Omit the pictures, then reproduce every remaining record exactly.

Records to process: Begin

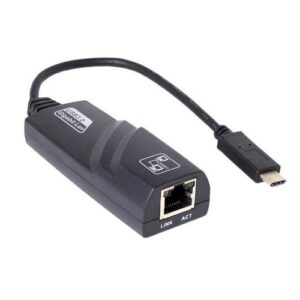 TYPE-C to RJ45 Adapter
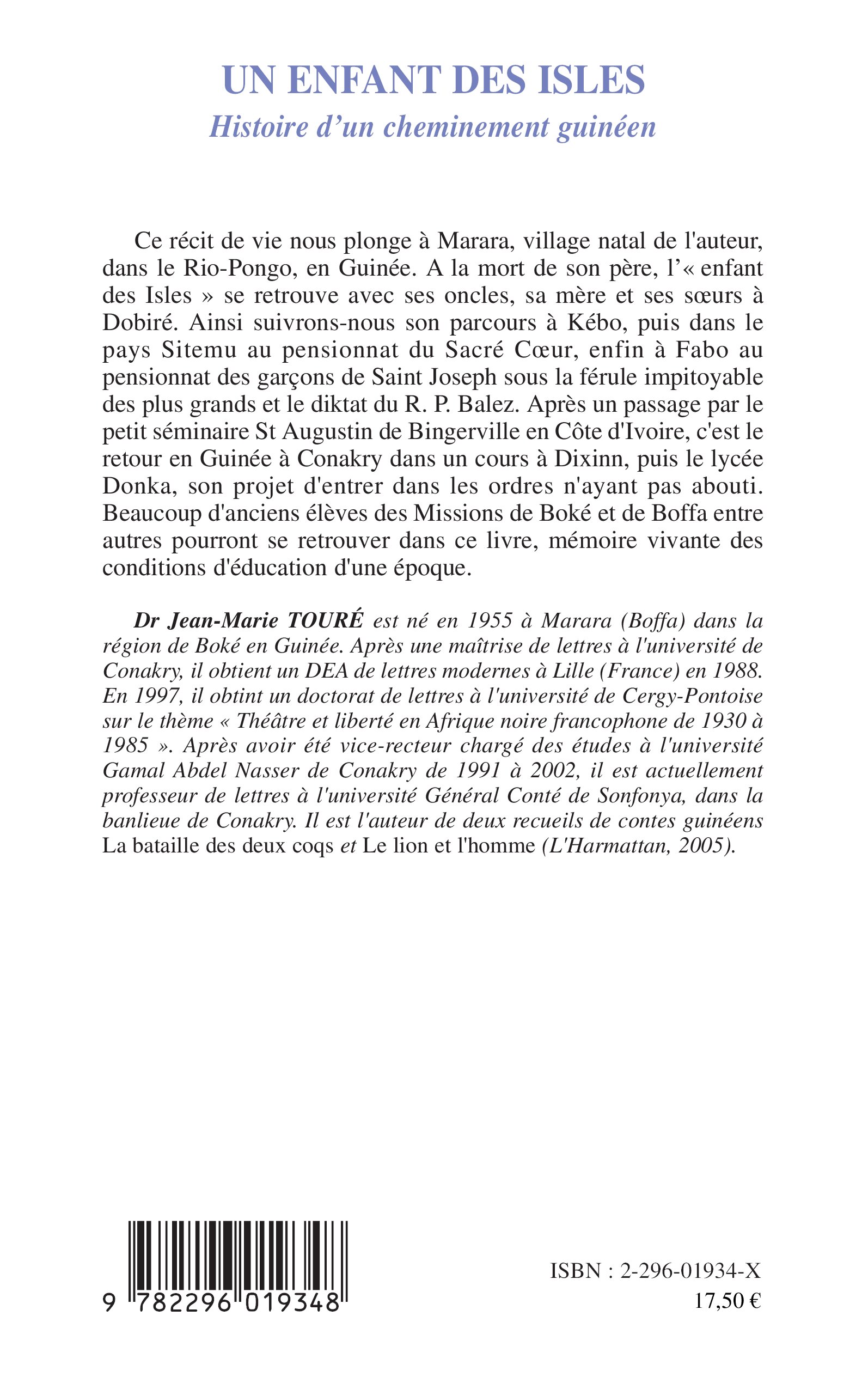 Image verso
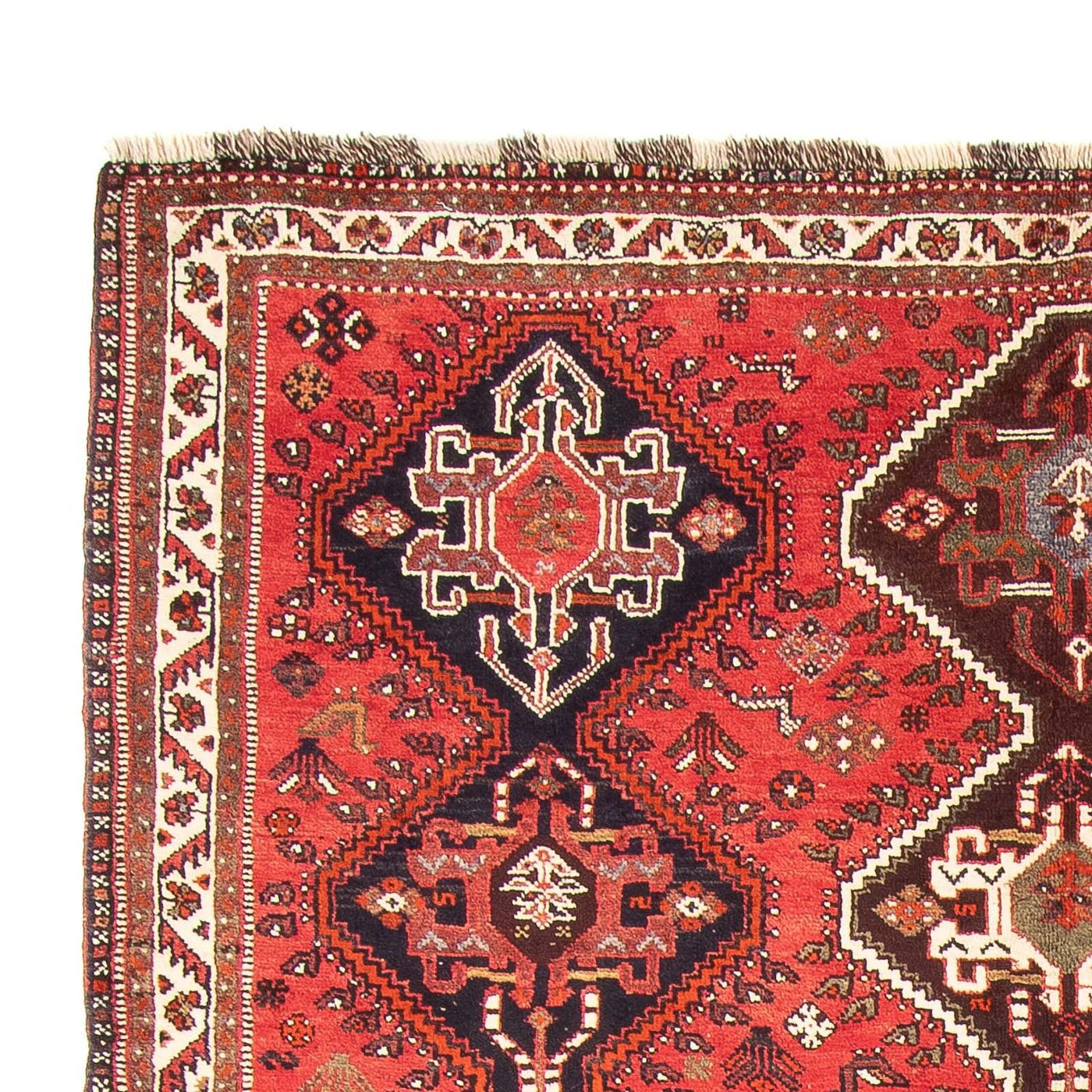 Qashqai Tappeto 275x180cm - Tappeto persiano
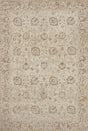 Loloi Percival PCV-04 Natural / Salmon Rug - main flat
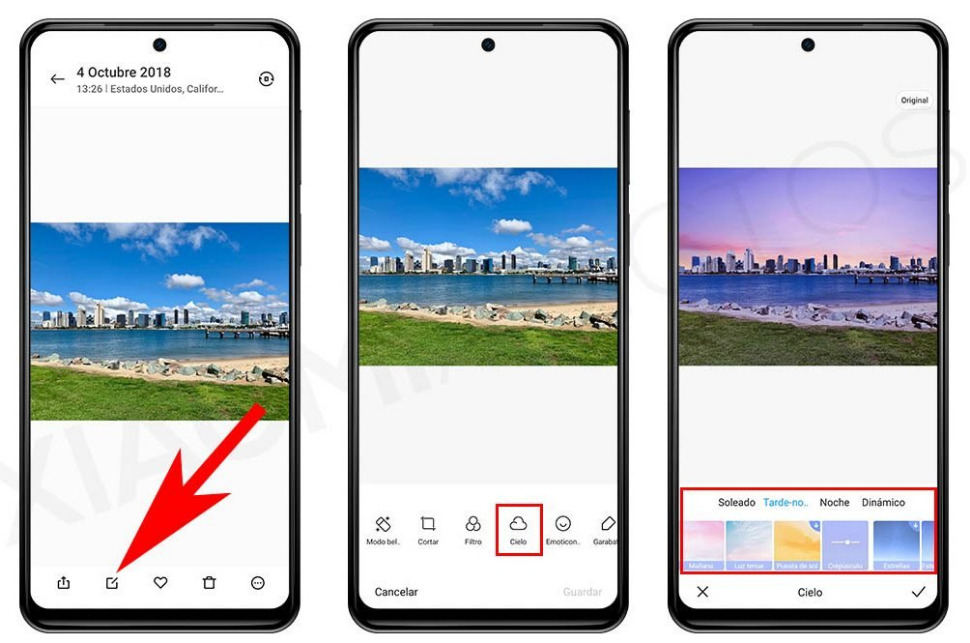 Пять функций для редактирования фото и видео в смартфонах Xiaomi, Redmi и POCO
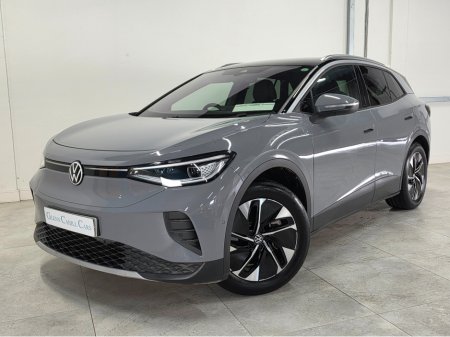 2025 Volkswagen ID.4 - thumbnail 10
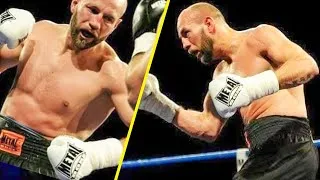 Miniature : Jonathan COTTERET : "C'est Une Dr*gue La Boxe"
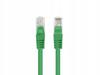 Patchcord Lanberg UTP Kat.6 7,5m Zielony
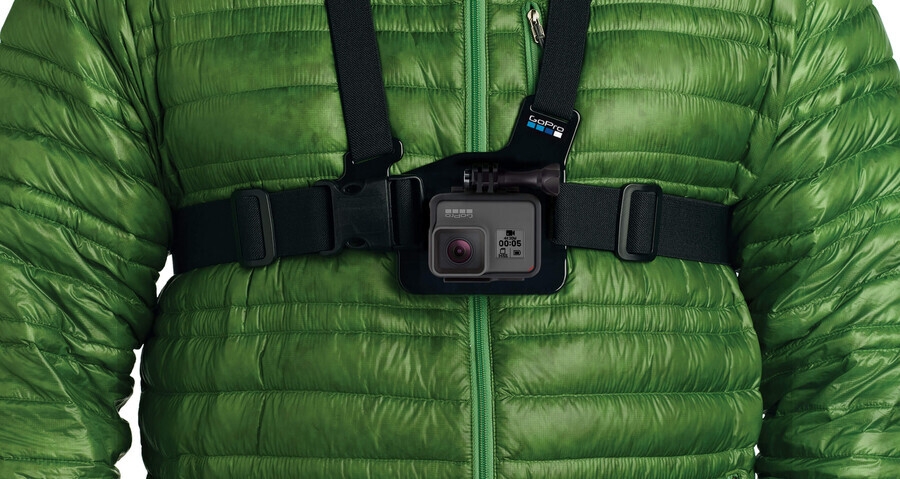 GoPro Chest Mount Harness Göğüs Askısı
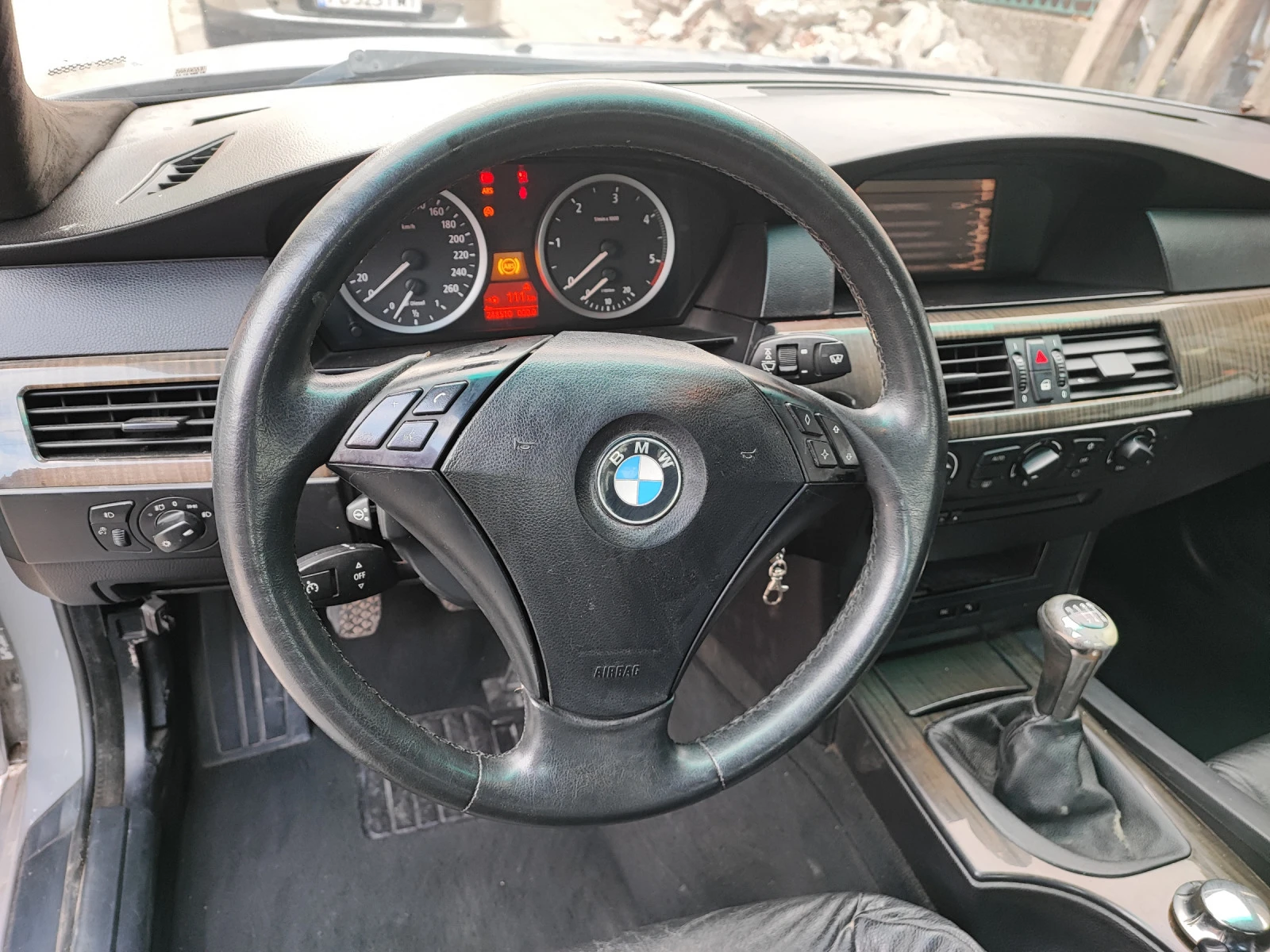 BMW 530 218к.с. НА ЧАСТИ  - изображение 7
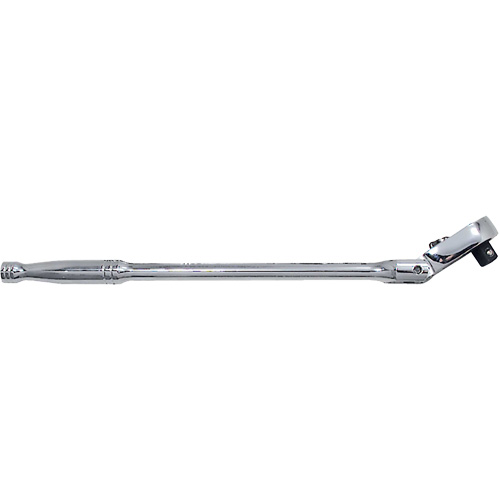 RHQ-38F2 Cl&eacute; &agrave; cliquet &agrave; t&ecirc;te flexible ultra-robuste, Prise de 3/8", Poign&eacute;e Ordinaire Distribution Élite MP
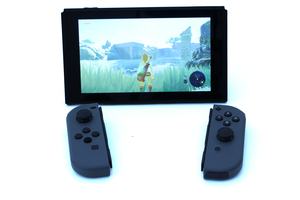 Nintendo Switch im Hands-On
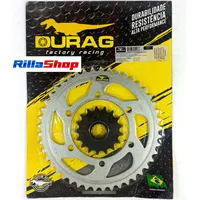 Relação Did 525 V0 120l Durag 45/17 Suzuki Gsx R 1000 17/23 - imagem 2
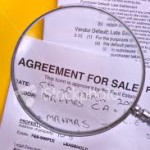 contract to purchase buyer mistakes kamloops real estate home sale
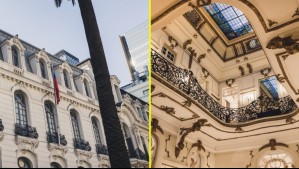 Día de los Patrimonios 2026: tour autoguiado en el Palacio Subercaseaux sin inscripción previa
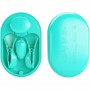 PRETTY LOVE SURPRISE BOX PINZAS ELECTRO ESTIMULACION AZUL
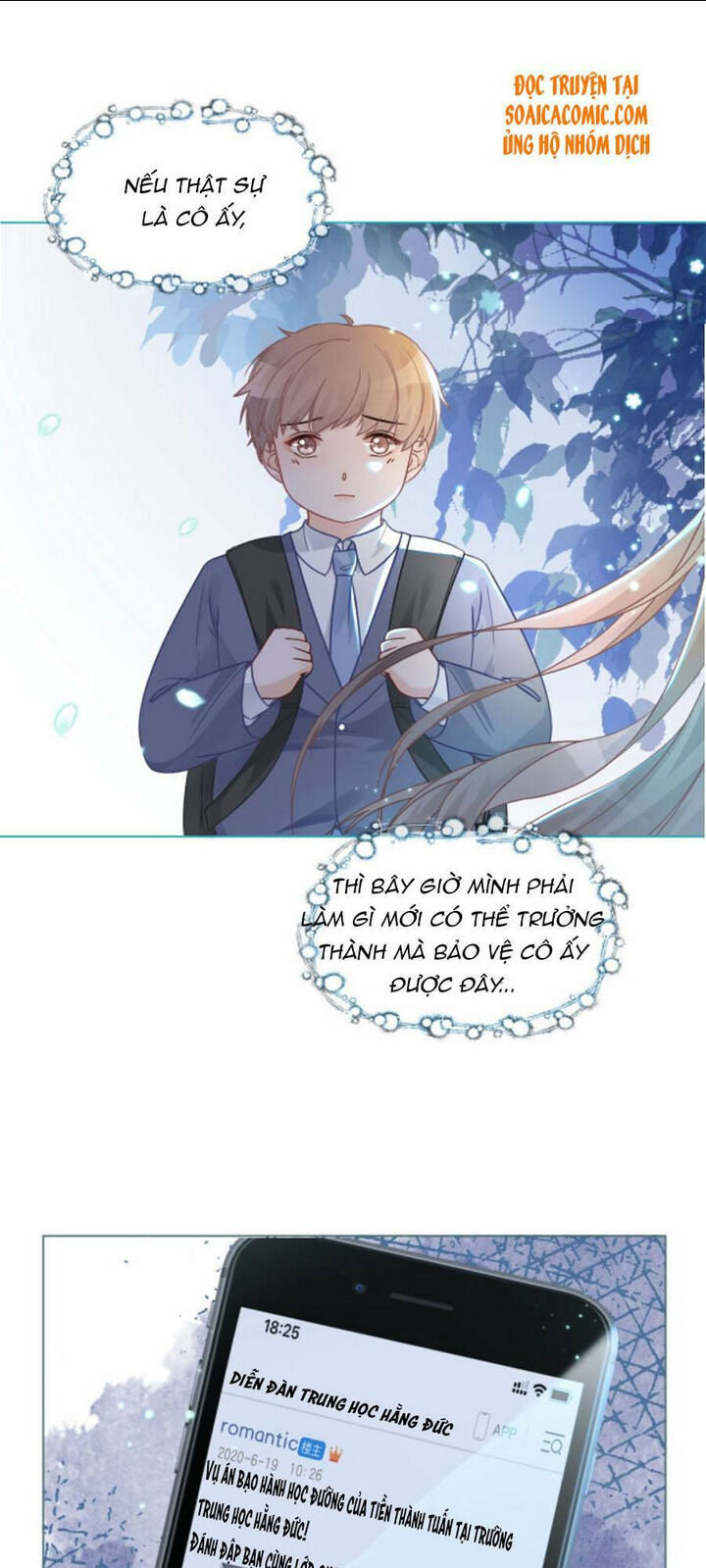 được các anh trai chiều chuộng tôi trở nên ngang tàng chapter 17 - Next Chapter 17.5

Records to process: End

* [Expected output]
 TYPE-C to RJ45 Adapter
 Image verso
 Qashqai Tappeto 275x180cm - Tappeto persiano
 Loloi Percival PCV-04 Natural / Salmon Rug - main flat
 Пять функций для редактирования фото и видео в смартфонах Xiaomi, Redmi и POCO
 2025 Volkswagen ID.4 - thumbnail 10
 Miniature : Jonathan COTTERET : "C'est Une Dr*gue La Boxe"
 Patchcord Lanberg UTP Kat.6 7,5m Zielony
 GoPro Chest Mount Harness Göğüs Askısı
 BMW 530 218к.с. НА ЧАСТИ  - изображение 7
 RHQ-38F2 Cl&eacute; &agrave; cliquet &agrave; t&ecirc;te flexible ultra-robuste, Prise de 3/8", Poign&eacute;e Ordinaire Distribution Élite MP
 Nintendo Switch im Hands-On
 Relação Did 525 V0 120l Durag 45/17 Suzuki Gsx R 1000 17/23 - imagem 2
 contract to purchase buyer mistakes kamloops real estate home sale
 Día de los Patrimonios 2026: tour autoguiado en el Palacio Subercaseaux sin inscripción previa
 PRETTY LOVE SURPRISE BOX PINZAS ELECTRO ESTIMULACION AZUL
 được các anh trai chiều chuộng tôi trở nên ngang tàng chapter 17 - Next Chapter 17.5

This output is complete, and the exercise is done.